Villa Ada: la musica che cura, anche l’ambiente!

A partire da questa nuova edizione Villa Ada Roma Incontra il Mondo ha deciso di trasformarsi in un “microcosmo” / “ecosistema” sostenibile; mettendo in atto azioni, alcune già iniziate negli anni precedenti e implementate per questa edizione, capaci di ridurre l’impatto ambientale della manifestazione.

L’obiettivo è quello di diminuire gradualmente le emissioni di Co2 prodotte, portando il festival ad essere quanto più prossimo ad un riduzione, almeno del 30% del suo impatto ambientale, per l’edizione 2021 rispetto a quella precedente del 2019, con l’intento di arrivare ad una diminuzione complessiva del 70% delle emissioni nel future edizioni.

La location del festival è una delle più importanti aree naturali della città !

L’intento è quello di tutelare e rispettare il luogo che ci ospita, avendo su di esso un impatto positivo. Per questo motivo l’organizzazione ha sviluppato delle “Green Policy”, ovvero delle buone pratiche che puntano a diminuire la produzione di rifiuti, in particolare di plastica, grazie all’utilizzo dei bicchieri riutilizzabili di Bicchiere Amico e l’installazione di Case dell’Acqua all’interno dell’area eventi (un impianto collegato alla rete idrica locale), grazie alla collaborazione con la società internazionale Ecozona Iberian, per mettere a disposizione di tutti l’acqua senza l’utilizzo di bottiglie di plastica. Per diminuire ulteriormente la produzione di rifiuti di plastica monouso, insieme alla Onlus Plastic Free Odv, con circa 960 referenti in Italia, oltre 100.000 volontari e circa 815.000 kg di plastica e rifiuti recuperati dall’ambiente, sono state realizzate borracce termiche da dare in dotazione a tutto lo staff del festival e gli artisti che suoneranno in questa edizione di Villa Ada Roma Incontra il Mondo 2021.

Inoltre, durante questa edizione, si cercherà di ridurre le emissioni di Co2 legate ai trasporti e alle forniture, scegliendo fornitori di cibo regionali e invogliando il pubblico a raggiungere la location attraverso alternative di trasporto sostenibili, come bici  e mezzi pubblici.
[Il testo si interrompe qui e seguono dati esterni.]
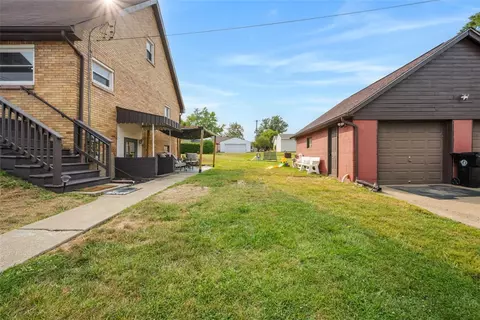 Exterior - 1199 Marshall Rd, Monaca, PA 15061 photo 6 of 10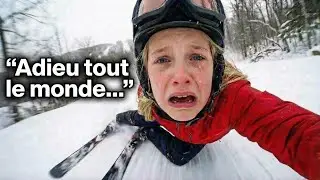 Cette skieuse pensait descendre… Elle se trompait.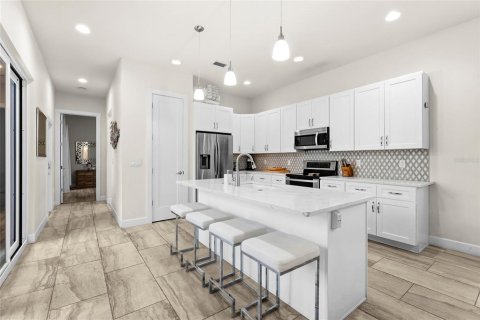 House in Sarasota, Florida 3 bedrooms, 166.57 sq.m. № 2105088 - photo 5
Proprio per le bici verrà installato un parcheggio nei pressi dell’ingresso. Infine, il festival si prefigge di lasciare la venue che lo ospita pulita e senza alterazioni, attraverso la predisposizione di:

  • apposite isole ecologiche
  • una segnaletica chiara per migliorare la corretta differenziazione, da parte del pubblico, delle porzioni di rifiuti prodotte.
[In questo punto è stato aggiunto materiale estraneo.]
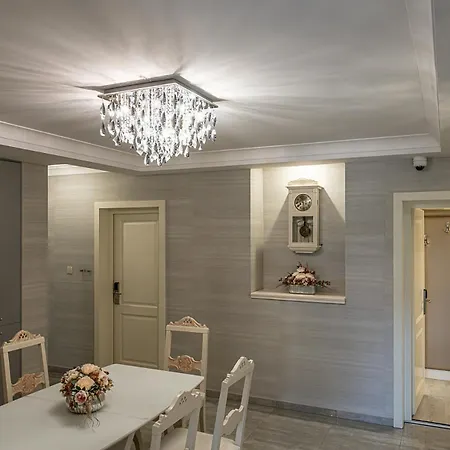 Nador Rezidencia 3* Győr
Per l’edizione 2021, Villa Ada  Roma incontra il Mondo cambia rotta e passa ad una progettazione più sostenibile e meno impattante del festival.

L’impegno di Villa Ada Roma Incontra il Mondo, punterà non solo alla sostenibilità ambientale della manifestazione ma anche sociale: creando opportunità per la comunità ospitante e lanciando un segnale positivo di ripartenza per tutti i lavoratori e le lavoratrici dello spettacolo; scegliendo prodotti e collaborazioni del commercio equo e solidale come la sartoria sociale romana, Coloriage, e la falegnameria sociale K_Alma, attiva nel recupero e riutilizzo di materiali di scarto e nell’incentivare l’imprenditorialità di soggetti inoccupati o disoccupati o che sono in attesa di una regolarizzazione

Infine, il desiderio è quello di proporre il festival come “educatore” e “mediatore” di messaggi volti alla diffusione di una cultura consapevole della sostenibilità, attraverso eventi dedicati alla tematica.